Now for the power-consumption ramifications. Tabula’s FPGAs trade off die area (in terms of LUTs and on-chip memories) and therefore silicon cost at the expense of power consumption. Running most of the on-chip circuitry at 1.6GHz while delivering the performance of a 200MHz FPGA must cost additional power. In the real world of chip design, power scales linearly with area but superlinearly with frequency, largely due to voltage-rail considerations. You need more voltage to operate at higher clock rates. There’s also the leakage issue caused by setting transistor thresholds to operate at 1.6GHz to contend with. So it’s bound to be a bad tradeoff in terms of power. (I don’t actually know this because it doesn’t seem that Tabula’s been forthcoming about power numbers, but some physics just can’t be bypassed as long as you’re still using off-the-shelf CMOS.)

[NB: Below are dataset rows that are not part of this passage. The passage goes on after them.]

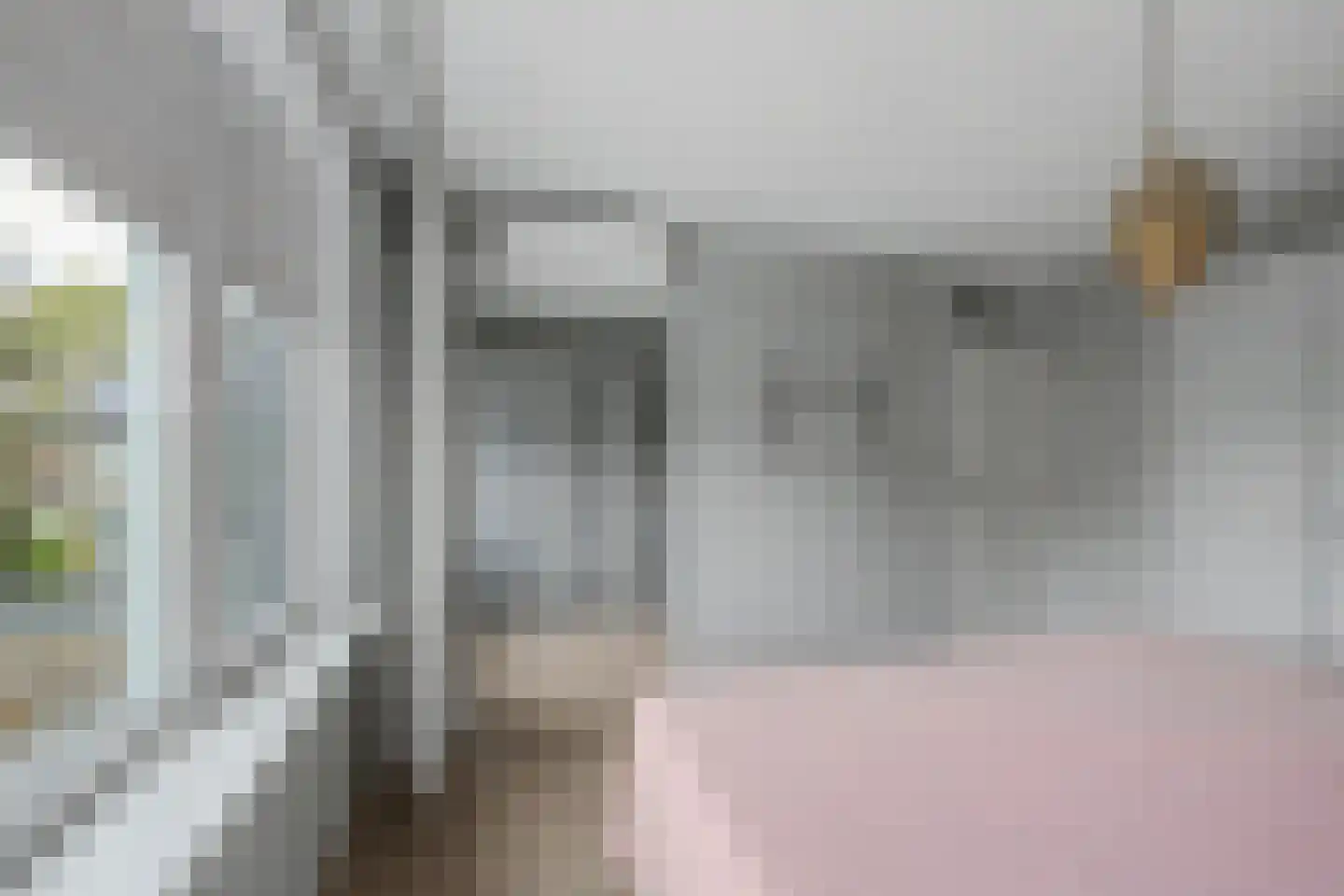 de Vosplantsoen 17 Hulst thumbnail 19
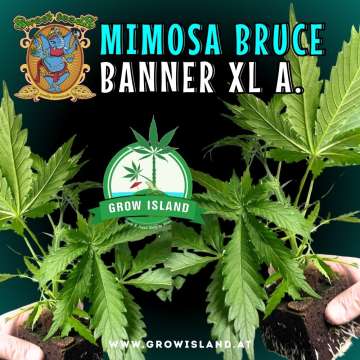 two hands holding two Mimosa Bruce Banner XL Auto seedling with dark green background, green grow island logo in the middle, sweet seeds elephant logo in the left upper corner, seedling name text in the upper middle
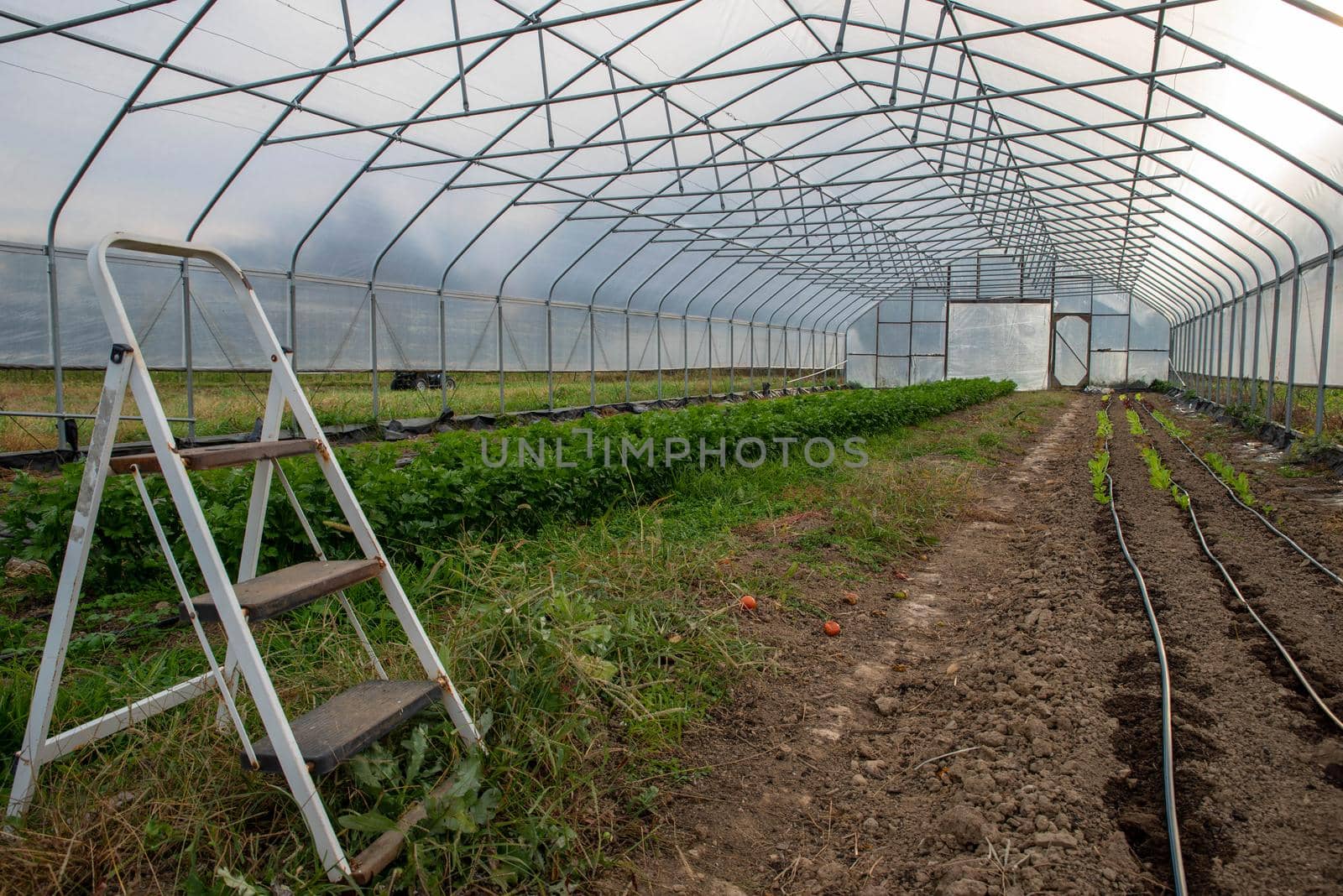 Organic food production with greenhouse interior and garden tools.. Step ladder and irrigation lines visible with seedlings and rows of vegetable plants.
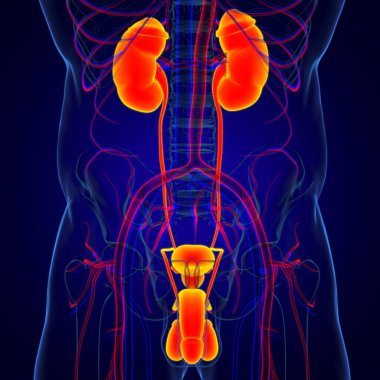 Tıbbi Konsept için Erkek Üreme Sistemi Anatomisi 3B İllüstrasyon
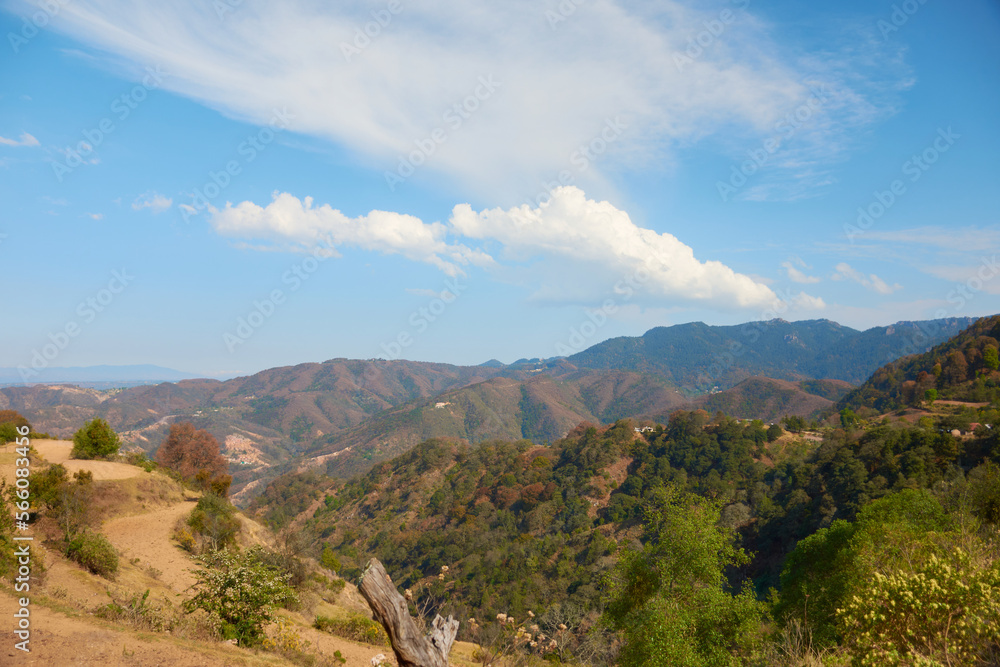 Obraz premium landscape with blue sky and forested mountains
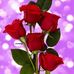 Profile Picture of Shamim Haque (@Shamim-Haque) on Facebook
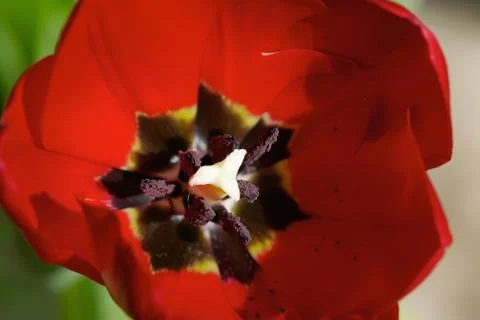 Red Tulip Stock Photos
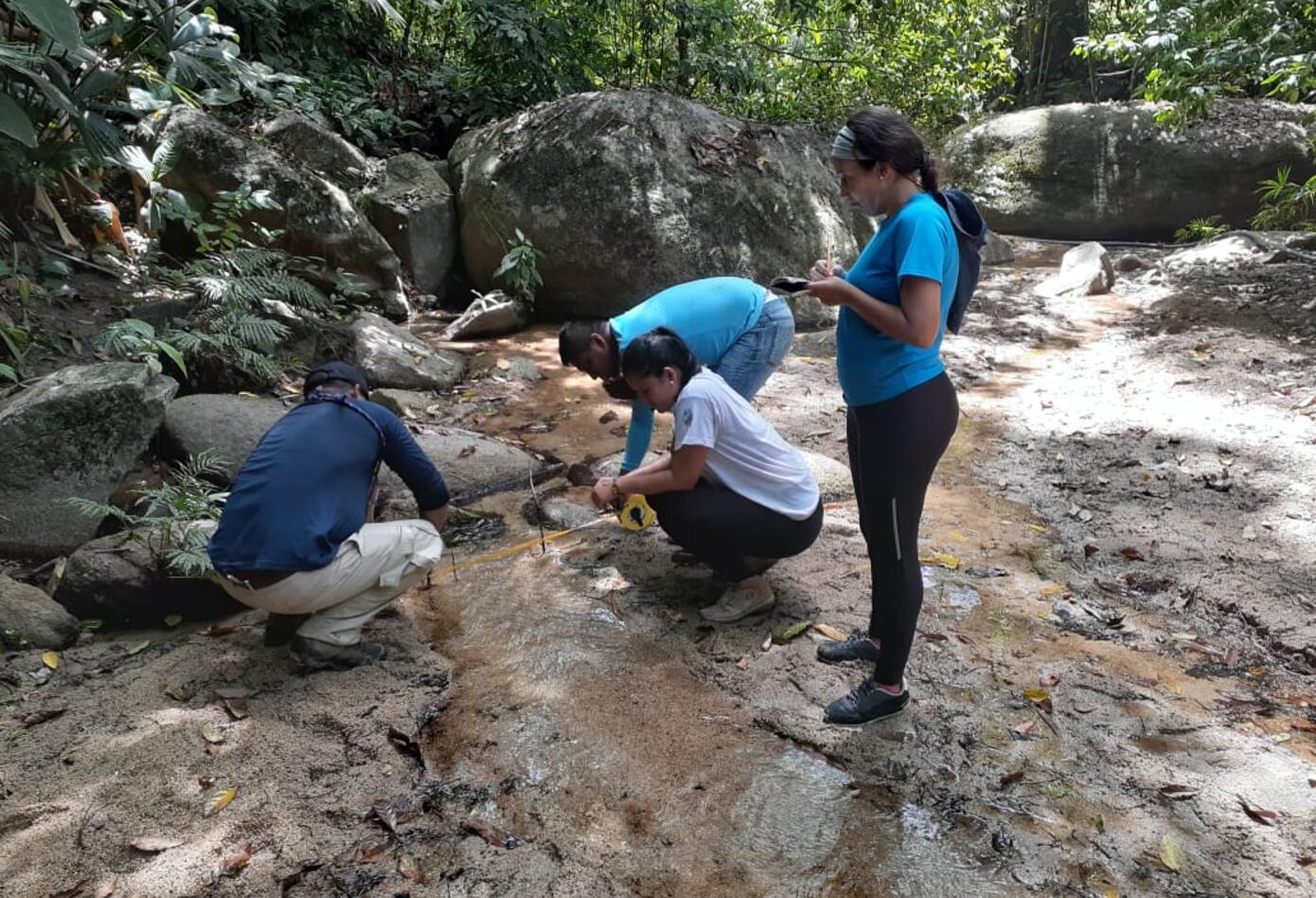 Avistamiento Parque Tayrona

It’s true that you can sacrifice half of the virtualized Spacetime LUTs and get 400MHz or some other combinations, but folks it’s a 1.6GHz device. Not designed for low power. Design tradeoffs obviously favored device cost, which you can see in the low, blink-inducing prices for the devices. Those prices are indeed mighty attractive for such high logic capacities. However, just about everyone’s worried about power these days, even people designing equipment for those power-sucking data centers that are cooled by diverting nearby rivers through the equipment racks. Every Watt of operating power supplied to the equipment requires an additional Watt for cooling (roughly speaking). A megawatt here, a megawatt there, and pretty soon you’re talking about some real energy consumption. And some real energy costs, which is what truly gets the attention of the data-center managers and owners.
I’ve heard about the Tabula announcements from several sources starting with a morning-of article in the San Jose Mercury News. One of the best technical write-ups I’ve seen so far is this article by Kevin Morris from FPGA Journal. Online comments to Morris’ article suggest that there’s a lot of skepticism in the design community with respect to this new FPGA technology. As with any new technology, even a tesseract FPGA, time will tell if the market accepts this idea or if it will end up on the shelf next to the long-dead and now-dusty remains of reconfigurable logic.